Hina considered the offer for less than half a second. "Please," she said.
"I'll let you know what I find." Goto nodded to her. Hina drove the RideVendor back toward home, leaving Goto to collect the Cell Medals.
Results weren't expected immediately, and Hina was both unsurprised and somewhat disappointed to hear that Ankh's phone had gone in the general direction of Narita before being shut off. Goto could try something else to track it, he said, but it would take some time. Goto also mentioned that he would appreciate if word of his doing this particular favor didn't get spread around, which Hina assumed meant that he was doing it without his boss's knowledge.
"Thank you," she said, trying to convey how much the gesture meant to her.
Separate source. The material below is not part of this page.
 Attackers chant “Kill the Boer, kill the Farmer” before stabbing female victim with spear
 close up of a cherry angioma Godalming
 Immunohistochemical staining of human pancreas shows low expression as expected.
"It's nothing," Goto said. "Hino's my friend, too, and Ankh, well. Ankh is Ankh."
Hina was tired enough to laugh at that, grateful that Goto had hung up before the slightly hysterical giggle found its way out, but then she found herself playing a waiting game. Waiting to see if Ankh answered the phone, waiting to see if Eiji had healed enough to wake up, waiting to see if Goto could find Ankh, waiting for her grades, although the latter seemed less important with each passing day. The day that Hina found out through what she refused to classify as eavesdropping that Eiji's parents were moving him out of the hospital into longer-term care was a difficult day, for all that she memorized every piece of information she overheard.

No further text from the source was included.